Your task:
Output the lines of the listing below exactly, starting at the line containing "this 640×480 image." and stopping after the last line, with any pictures dropped.

Provided entries:
══════════
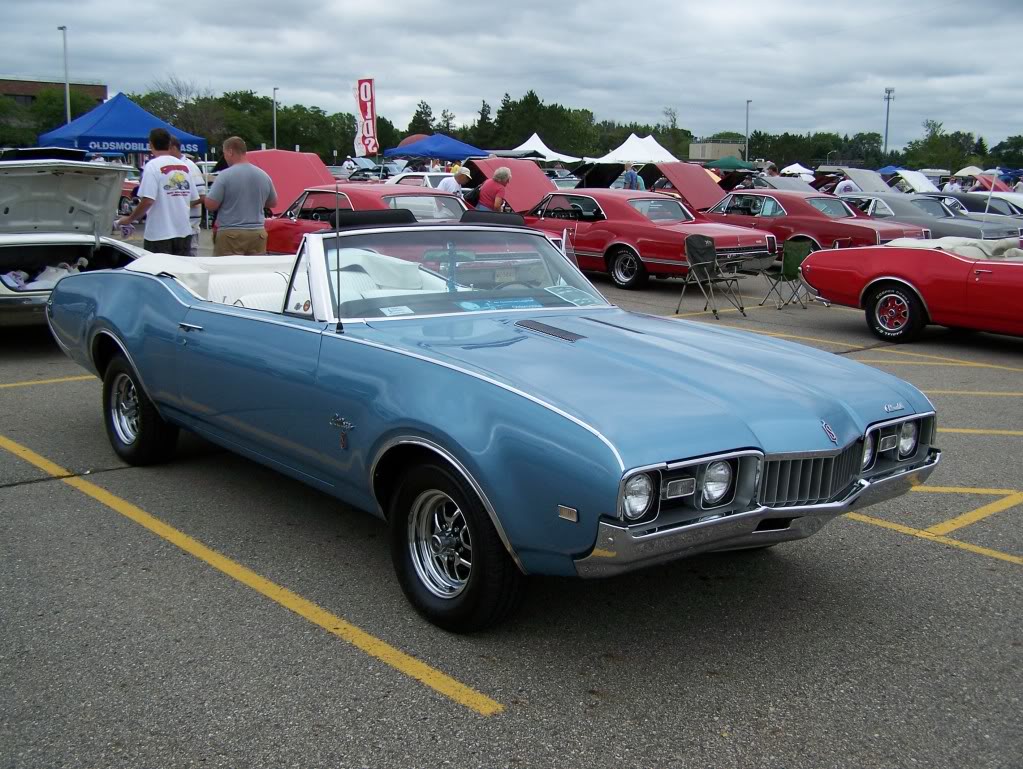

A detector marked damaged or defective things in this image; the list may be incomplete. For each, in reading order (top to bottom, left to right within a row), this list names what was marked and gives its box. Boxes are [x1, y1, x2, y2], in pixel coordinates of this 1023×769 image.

cracked asphalt [1, 267, 1023, 764]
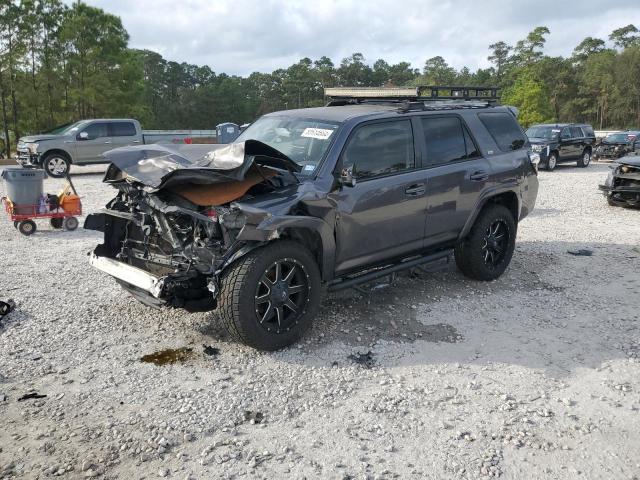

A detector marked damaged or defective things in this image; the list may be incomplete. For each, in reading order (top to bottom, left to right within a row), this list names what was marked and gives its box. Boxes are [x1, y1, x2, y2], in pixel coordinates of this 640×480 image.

crumpled hood [104, 139, 304, 191]
crushed front end [596, 158, 640, 208]
damaged headlight area [596, 160, 640, 207]
wrecked gray suv [84, 85, 536, 348]
bent front bumper [89, 253, 165, 298]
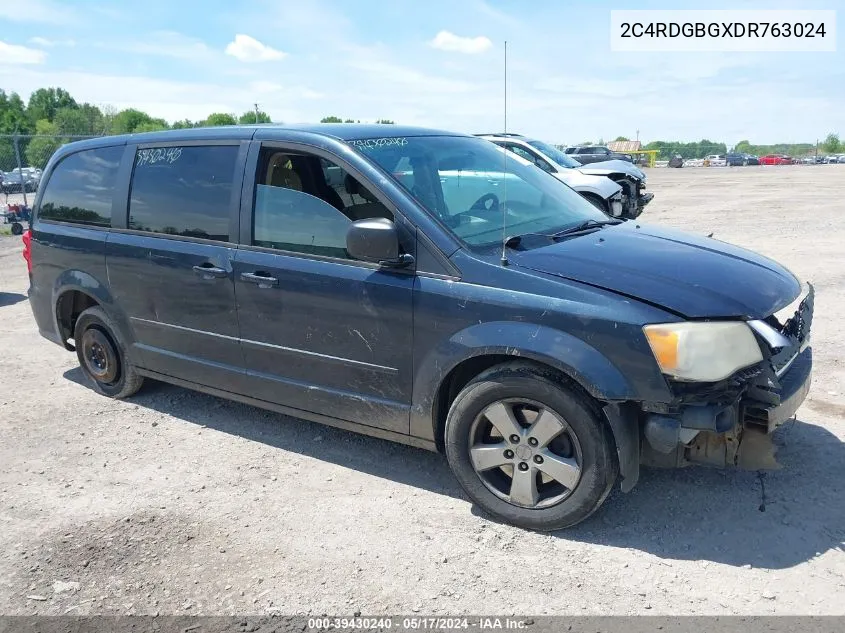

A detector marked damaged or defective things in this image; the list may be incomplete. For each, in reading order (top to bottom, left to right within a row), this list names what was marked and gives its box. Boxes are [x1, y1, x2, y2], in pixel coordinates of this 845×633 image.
══════════
Exercise response:
A detector marked damaged or defective things in this image; the list may be incomplete. For each, in reading order (top to bottom, left to right within a row), this list names what was marked and gives its box. Boxes are [x1, y1, x2, y2], in pixel coordinates of this 640×480 image.

crumpled hood [104, 139, 304, 191]
crushed front end [596, 158, 640, 208]
damaged headlight area [596, 160, 640, 207]
wrecked gray suv [84, 85, 536, 348]
bent front bumper [89, 253, 165, 298]

A detector marked damaged or defective things in this image; the list may be incomplete. For each, in reading order (top to bottom, left to right within a row), this list names what was marked and gives its box. Boxes are [x1, y1, x2, y2], in pixel coordinates of this 845×633 image.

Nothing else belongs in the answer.